Post#106 » by Ron Swanson » Tue Jul 27, 2021 2:56 pm

LukaTheGOAT wrote:
Ron Swanson wrote:Why the hell are we using Team D-RTG and comparing from 20 years ago? (1st ranked defense this season was the 107.1 Lakers, in 2003 it was 94.1...). But this was always the predictable blowback from people who still put Garnett on a pedestal. Everything clearly in Giannis' favor at this point of their respective careers (nearly every pace adjusted box and advanced metric, awards/accolades, overall team success) ultimately gets refuted by the only two prime-KG, holy grail metrics (RAPM, on/off) that matter in this debate. Never mind that simple logic dictates that the worse your bench and supporting counterparts are, the better your "impact" numbers will naturally reflect.

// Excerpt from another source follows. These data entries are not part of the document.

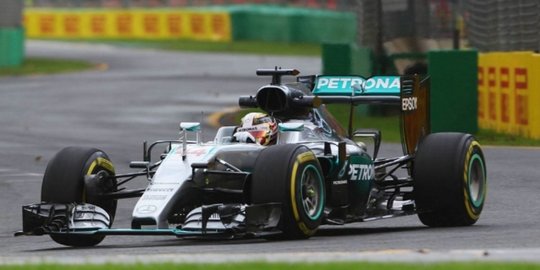 Latihan bebas 3 F1 Australia: Hamilton sapu bersih, Rio memuaskan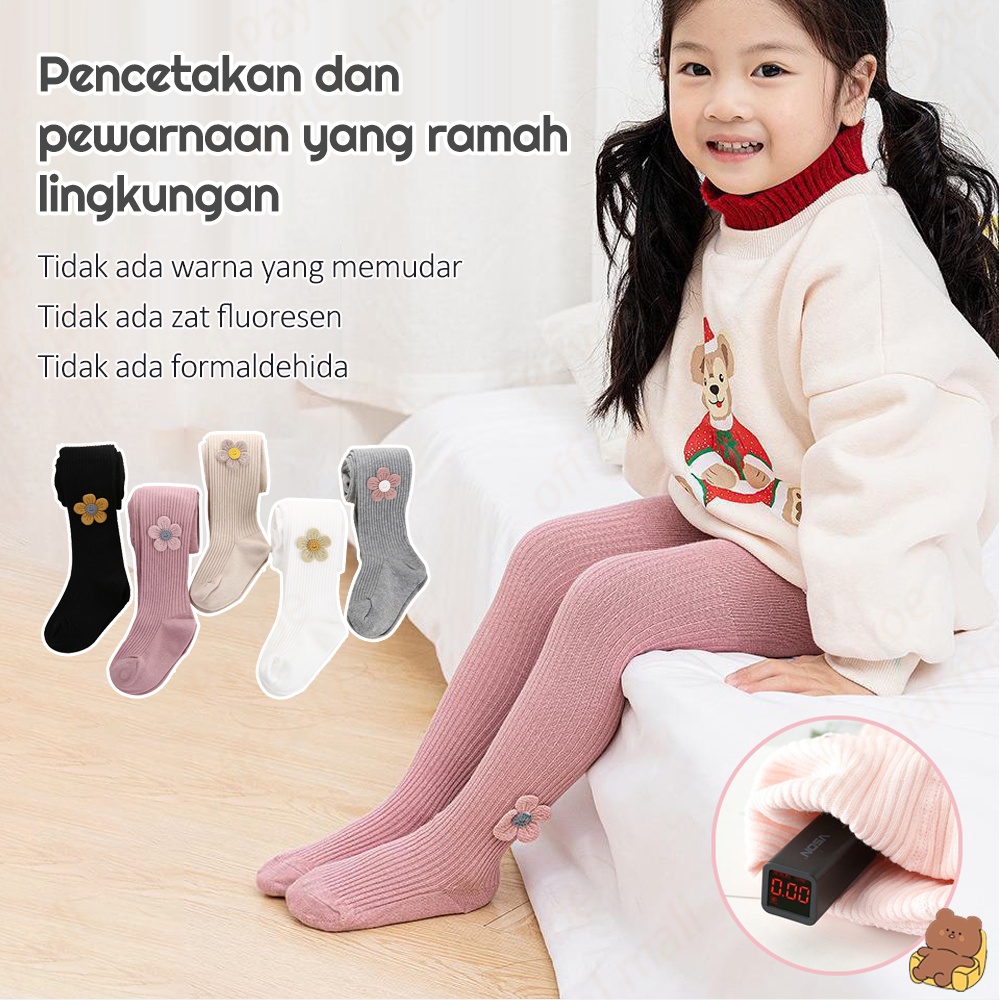 RB PAYOE Legging Bayi Tutup Kaki Legging Bayi Perempuan 0-1 Tahun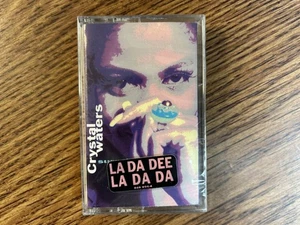 Crystal Waters La Da Dee Cassette Single 848 894-4 Dance 90s. SEALED - Picture 1 of 1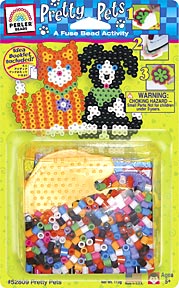 Kid Craft Perler Bead Pretty Pets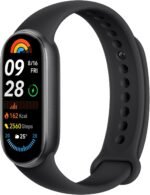 XIAOMI Smart Band 9 Global Version (2024) 1.62" Amoled Display | 233 mAh Battery | up to 21 Days of Battery Life | Over 150 Workout Modes | BT 5.4 | 50M Water Resistant - Midnight Black - Image 5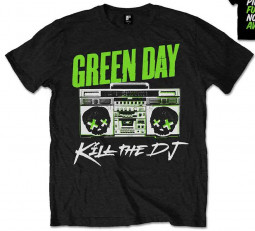GREEN DAY - KILL THE DJ (BACK PRINT) - TRIKO
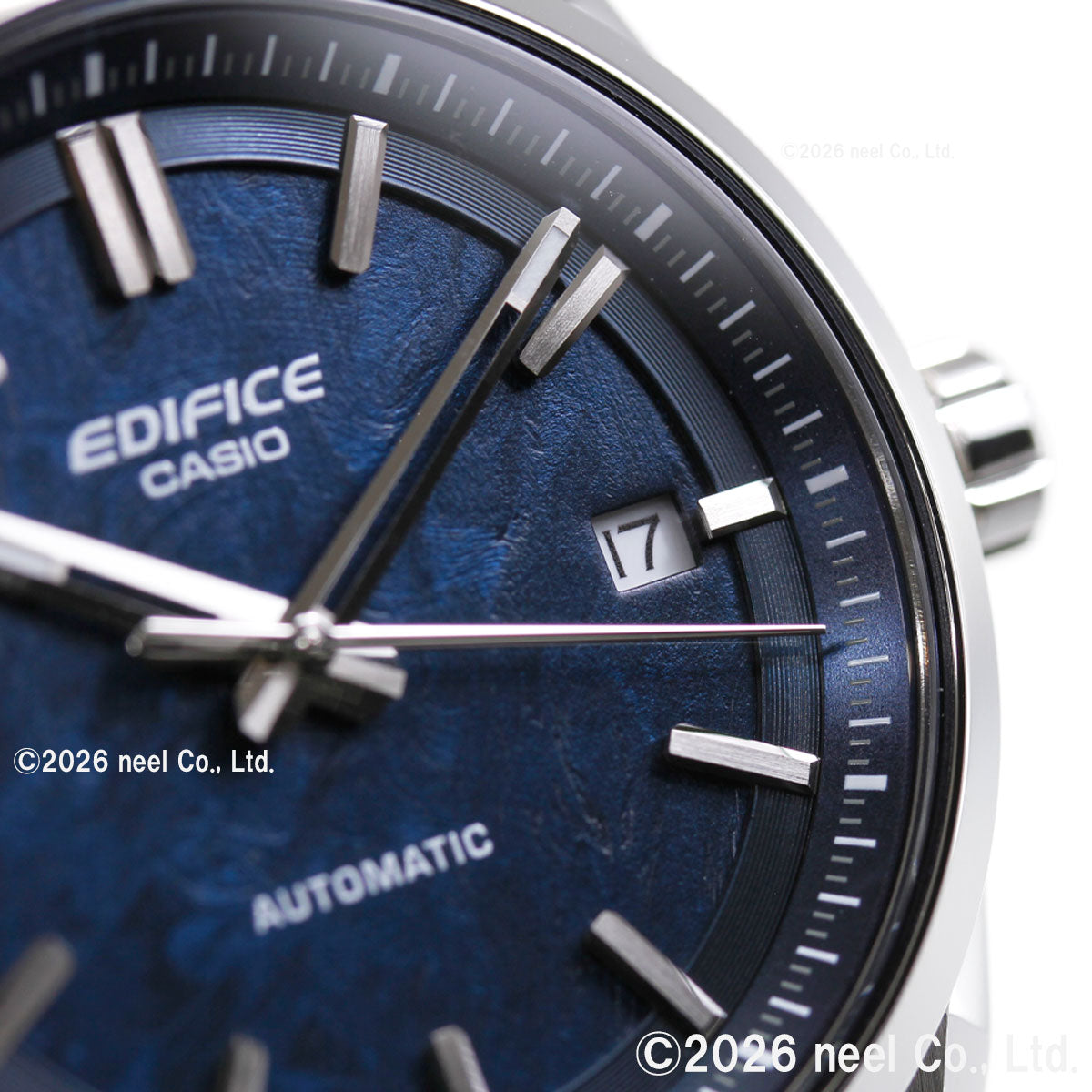 カシオ エディフィス CASIO EDIFICE AUTOMATIC 自動巻き 腕時計 メンズ EFK-110D-2AJF【2026 新作】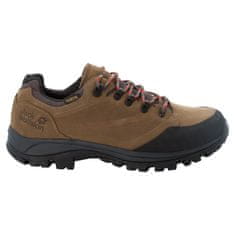 Jack Wolfskin Boty trekové hnědé 43 EU Rebellion Texapore Low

Someone nailed it earlier in this thread, but Minnesota KG is constantly viewed as one of the best defensive anchors post-Russell, despite there being only sparse, circumstantial evidence (literally only two Top-10 and zero Top-5 defenses in 12 seasons) entirely reliant on sometimes noisy, isolated on-off/RPM data. We then use Boston KG as a form of confirmation bias ("See, KG was always an ATG defensive anchor), but yet we overlook the incredibly good supporting pieces (Thibodeau, Rondo, Pierce, Posey, Perkins, etc.) that helped achieved those results and penalize Giannis for having too good of a supporting cast, despite the fact that Giannis has anchored defenses (2018-20) at a comparable rate (+7.4 and +5.2 better than league average) as KG did even on those stacked Boston teams (+8.5 and +6). I'll reiterate that I won't argue with anyone saying they give the small but clear edge defensively to KG, but sorry, the offensive gap at this point is too massive when their defense is at least an honest debate and comparable. People can talk about "recency bias" all they want, but history will eventually reach the consensus that this past 3-year stretch by Giannis is one of the most un-impeachable multi-year peaks a superstar has ever had, and guys like KG just don't belong in that tier.


I'm not disagreeing with your post, but I do wonder if this 3 year stretch will be questioned by more skeptical minds. I would like to think we haven't seen the best of Giannis and that his performance in the Finals are things to come in terms of a truly great 3 year stretch.

However, I found this stat, and assuming the man calculated it correctly, I think it is worth sharing. I think it is a point that might be used to question the resilience of Giannis' offense just a bit.

Read on Twitter
?s=19


You might be right in that you'll have some contrarians (what superstar doesn't have those?), but I do find that tweet pretty hilarious considering that it:

A) Leaves out his 2018 playoffs vs. #1 ranked Boston defense where he put up 25/9/6/1/1 on 62% TS
B) He didn't "calculate" it correctly, and it's literally one playoff series in 3 years (Toronto). Switch the criteria to "Top-8" defenses and those numbers look like prime Lebron playoff numbers.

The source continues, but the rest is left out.